Predictive ranges represent a paradigm shift in how we interact with models and interpret them. Instead of asking, “What will happen?” we begin to think, “What is likely to happen, and how sure are we of it?” This shift is crucial in fields where the cost of being wrong is high.

Key concepts

Within conformal prediction, the uncertainty will reside in the fact that different classes may appear within a prediction interval. Unlike point predictions, this knowledge allows us to be discerning. Conformal prediction can be applied in a wide variety of cases, from classification problems to regressions and forecasting.3 We will explore its basic principles to gain a broader understanding of how it works.

Calibration data

They are a specific set of data extracted from the training data and used to estimate the confidence levels of the predictions. The calibration data must be representative of the general distribution of the data to ensure the accuracy and reliability of the predictions provided by a conformal prediction model. The more examples of different casuistries of our problem we add in the calibration phase, the larger the uncertainty coverage spectrum will be.

Non-conformity measures

The basis of conformal prediction is the non-conformity measures. These help us assess how “unusual” a new prediction is compared to the predictions made from the calibration data; that is, they allow us to determine the distance between the new predictions and the set of previous observations, which were used as a reference. Thus, the basic principle is that the more an instance deviates from the previous data, the less “conformal” it will be and, therefore, the higher its non-conformity score will be.

Prediction intervals

This approach uses the previously calculated errors (differences between predicted and actual values) to build confidence intervals around the predictions from the nonconformity evaluation. For a new prediction, the model provides a range or interval within which the actual value is expected to fall instead of giving a single value as the outcome. This interval considers the variability and errors observed previously, trying to capture the true value with a certain probability.

Probability of coverage

The percentage of times that the prediction interval contains the actual value. A coverage probability of 95% means that, on average, 95 out of 100 prediction intervals will contain the true result. Roughly speaking, this value determines the confidence that our model’s prediction contains the correct answer.

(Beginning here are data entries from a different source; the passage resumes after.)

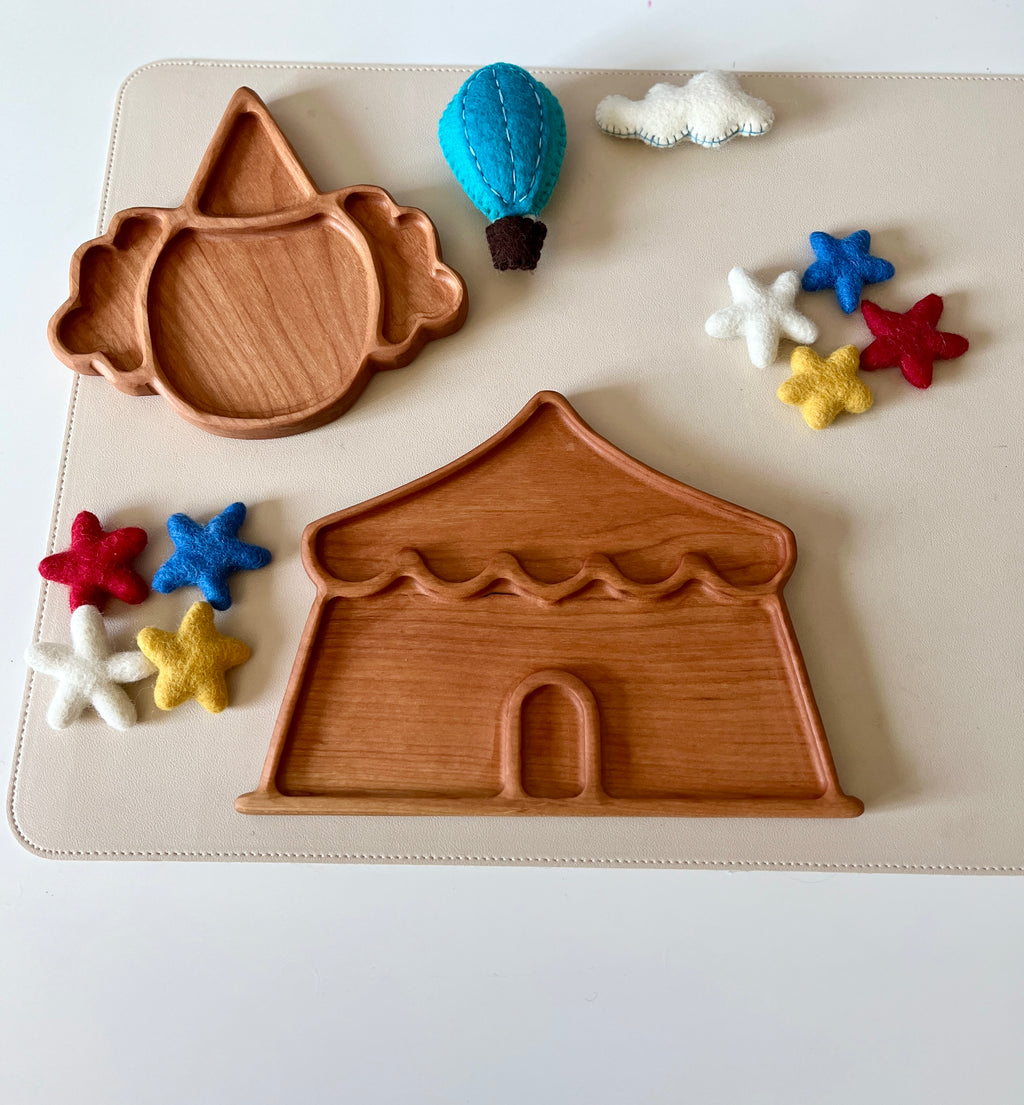 Wooden trays shaped like a circus tent and clown face surrounded by felt stars, a cloud, and a hot air balloon toy
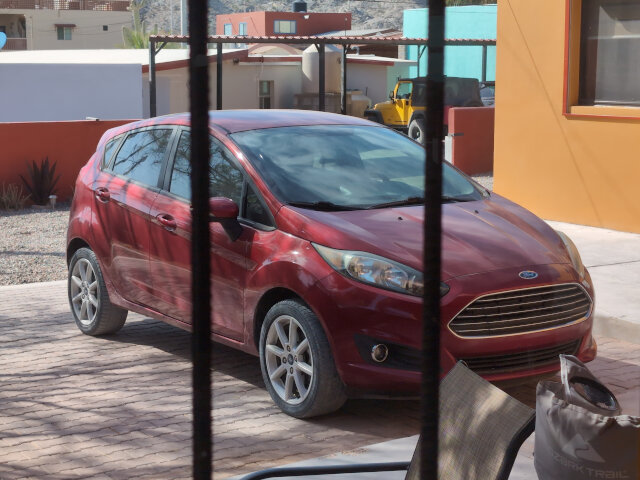 A car through a window.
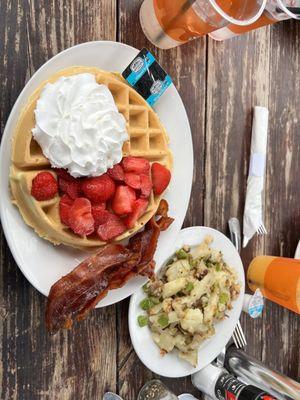 Belgium waffle with fresh strawberries and whipped cream, bacon and potatoes.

Four virtues, the challenge, and a warning

There are other techniques for making predictions with a certain degree of confidence. However, today, we want to highlight the virtues of conformal prediction, keeping sight of what must be considered when applying it, and the challenge it entails.

✨ First virtue: Unprecedented flexibility

One of the main advantages of this technique is its distribution-free nature. Unlike Bayesian approaches and other statistical methods that require specific assumptions about the data distribution (e.g., that the data follow a normal distribution), conformal prediction makes no such assumptions. This flexibility makes it applicable to a broader spectrum of problems, from those with well-understood data distributions to situations with highly irregular or unusual data.

✨ Second virtue: Plug and play

Conformal prediction can be applied to any model; it is model agnostic. From linear regression to deep neural networks, this technique can be used interchangeably, allowing data scientists to use their preferred models or those most appropriate for the task at hand.

✨ Third virtue: Confidence in predictions

This technique’s most distinctive feature is its ability to provide coverage guarantees. For a given prediction region, we can specify with a degree of confidence (e.g., 95%) that the region will contain the true outcome. This probabilistic certainty gives us a tangible way to assess and communicate confidence in our predictions, facilitating informed decision-making and future scenario planning.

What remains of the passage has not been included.